As bacantes e o carnaval
(Fonte da imagem: https://mitologiasite.wordpress.com/2015/10/04/as-bacantes/)
Andei relendo, durante as férias, as
principais tragédias gregas, seguindo a ordem proposta pelo guia de Pascal
Thiercy editado pela L&PM. Depois de ler as biografias de Ésquilo,
Eurípedes e Sófocles, comecei com a apreciação de As bacantes, na tradução de Mário da Gama Cury, em volume editado
pela Jorge Zahar Editora. Pode-se dizer que a obra é uma ode ao vinho e ao seu
deus Dionísio, que recebe o nome de Baco na mitologia romana.
“De fato, sem o vinho onde haveria amor?
Que encanto restaria aos homens infelizes?”

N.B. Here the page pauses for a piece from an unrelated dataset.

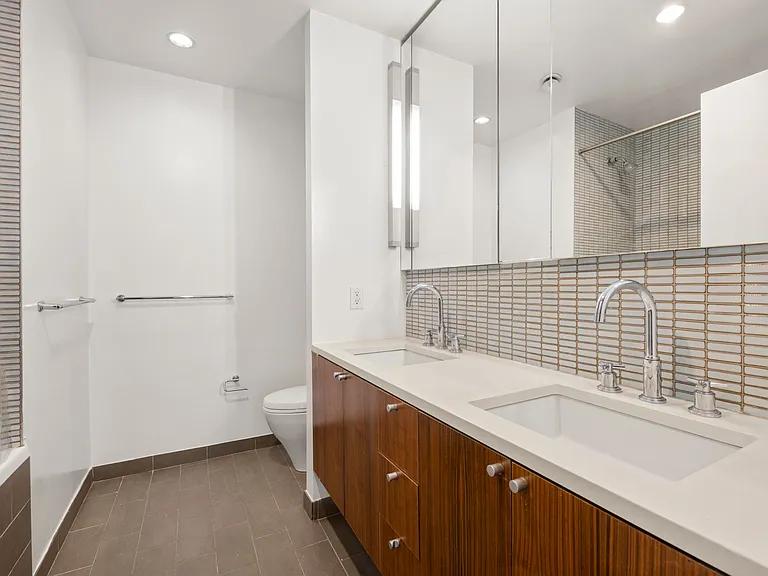 109 3rd St #3 — Photo 6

Também conhecida como As mênades, a tragédia foi escrita por
Eurípedes entre 408 e 407 a.C. Fala sobre a punição de Dionísio imposta a seu
primo Penteu, rei de Tebas, e sua tia, Agave, por terem desonrado o nome da mãe
desse deus, Sêmele (suas irmãs a difamaram, dizendo que ela teria mentido ao
dizer que havia gerado Dionísio a partir de uma relação com Zeus), e também por
não prestarem o culto que ele, Dionísio, merecia, apesar de ele ser oriundo de
Tebas. Tomando forma humana, o deus entra na cidade e enfeitiça suas tias
tornando-as bacantes e faz com Agave mate seu próprio filho, esquartejando-o
como se fora um leão.
De certa forma, esta tragédia, na minha
leitura, reflete um pouco a relação que se tem hoje com o carnaval. Há uma
resistência de muitas pessoas quanto ao festejo, ligando-o a orgias (bacanais,
de Baco), bebedeiras e mortes. As pessoas se fantasiam para viver este momento,
como o faz Dionísio na peça, se embriagam, são enfeitiçados como as bacantes
para que lhe prestem o culto e cometam, de “brincadeira”, ações que não fariam
na sua vida “real”, como ficar nuas e matar animais. A partir da ideia do
filósofo Nietzsche de nós seres humanos sermos ora apolíneos ou ora dionisíacos,
é no carnaval que colocamos em suspensão a razão em favor da emoção.
Mas o motivo principal do carnaval é
esquecer as tristezas, e nisso somos ajudados pela bebida: Dionísio
“descobriu e revelou
o leve suco produzido pelas uvas
para curar de suas muitas amarguras
a triste raça humana; a simples ingestão
do néctar tirado das uvas, nos concede
o esquecimento dos males cotidianos,
graças à paz do sono, único remédio
para nossos padecimentos.”
Por isso, segundo a peça, devemos
cultuar os deuses:
“Sendo deus
Dionísio é dado a outras divindades
e lhe devemos todo o bem que elas nos fazem.”
De minha parte, cultuo os deuses gregos através da literatura, no aconchego da minha biblioteca, longe da folia. É o meu carnaval pessoal.